Entrepreneurs get better responses from investors by avoiding broad-swathing assumptions about the size of their target market and their ability to capture a percentage of that market.  They avoid over-optimism by making conservative assumptions, pricing in risk and demonstrating that they understand these factors.  Certainly, financiers expect a certain degree of optimism from entrepreneurs, but it is a huge red flag when a company valuation is widely off base.  The signal it sends to investors is that the business owner does not understand financial basics, skipped critical research and market sizing steps, and may not have enough business acumen to run a profitable company.

#2: Lack of Basic Financial or Business Acumen. You don’t need an MBA, or even previous experience, to successfully run a business.  You do, however, need an understanding of the basic elements of business and a grasp for how they work.  Often times I have seen the Sharks ask this next simple question: “Is your business profitable?”  Many times business owners who answer with a “yes” subsequently reveal evidence of the opposite:  usually, that they have not repaid initial investors, and that they cannot afford to pay themselves at full salary.

Here’s the misstep: when an entrepreneur gives an inaccurate answer to a question that deals with basic business concepts, the investor is forced to wonder how reliable other information about the business could be.  An entrepreneur with a poor grasp of business concepts creates risk for the investor by putting her in the undesired position of having to provide (or mandate) management support to ensure that the business is run well.  If the investor does not want a role in managing the business, she will be unlikely to take on this risk.  It pays for entrepreneurs to gain a thorough and concrete understanding of their business model, revenue, cost, profit, valuation, exit, and ROI dynamics included.

#3: Difficult Personalities.
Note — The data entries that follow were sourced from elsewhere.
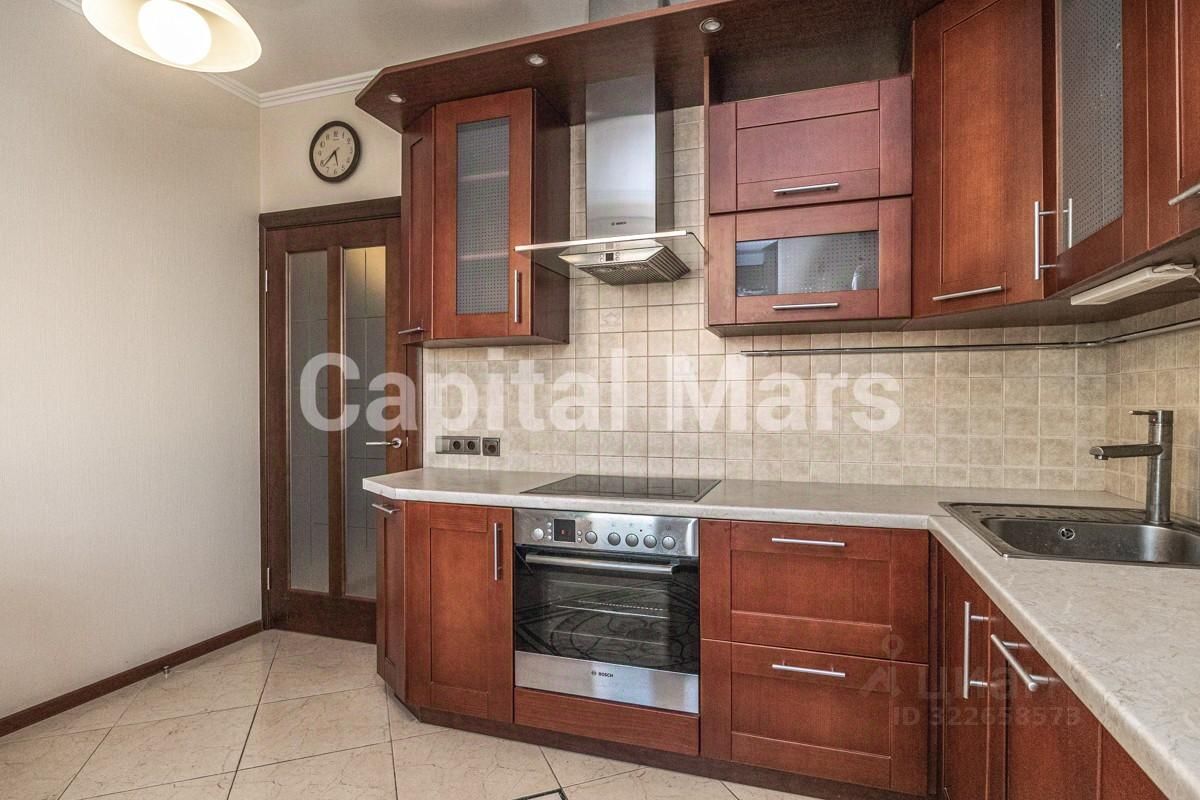 Аренда 1-комн квартиры на вторичном рынке Симферопольский бульвар, 24К6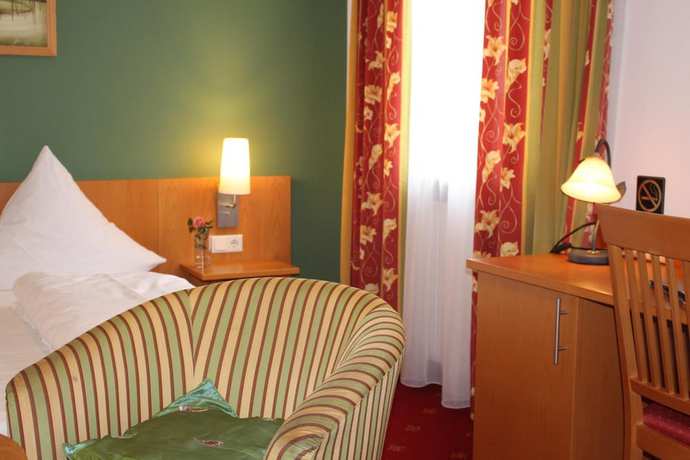 Imagen de la habitación del Hotel Häußler. Foto 4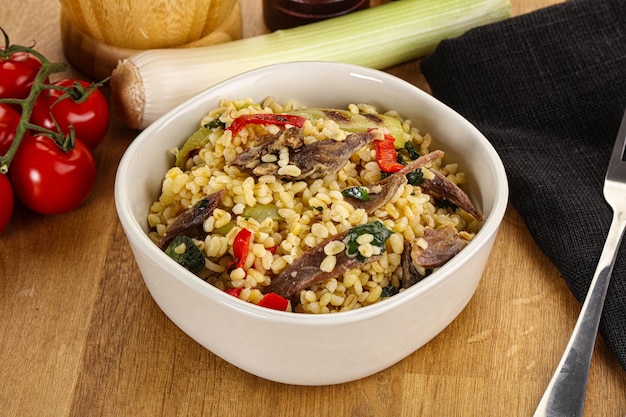 Bulgur con carne de cordero, verduras y especias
Anyone who has worked with entrepreneurs knows this: they can be VERY passionate about their business ideas.  But it’s a big red flag to any potential business partner, whether they are playing a financing role or not, to be confronted with an entrepreneur who seems difficult or inflexible.  Though an  entrepreneur may know his product better than anybody else, I have seen countless entrepreneurs fail to separate their products from assumptions they make about their products.  For example, an entrepreneur may be able to speak with 100% authority about the technical capabilities of his product.  However, any opinion he has on the market potential of his product is an assumption.  Yet, many entrepreneurs end up arguing with business partners who challenge their assumptions.

Smart investors avoid entrepreneurs who seem deaf to hard data and sage business advice.  These investors know that no product or service can reach its potential without leaders who are willing to make principled business decisions.  No investor wants to be at war with an entrepreneur who thinks he’s got it all figured out, and who is unwilling to accept guidance from professionals who can be valuable partners in his success.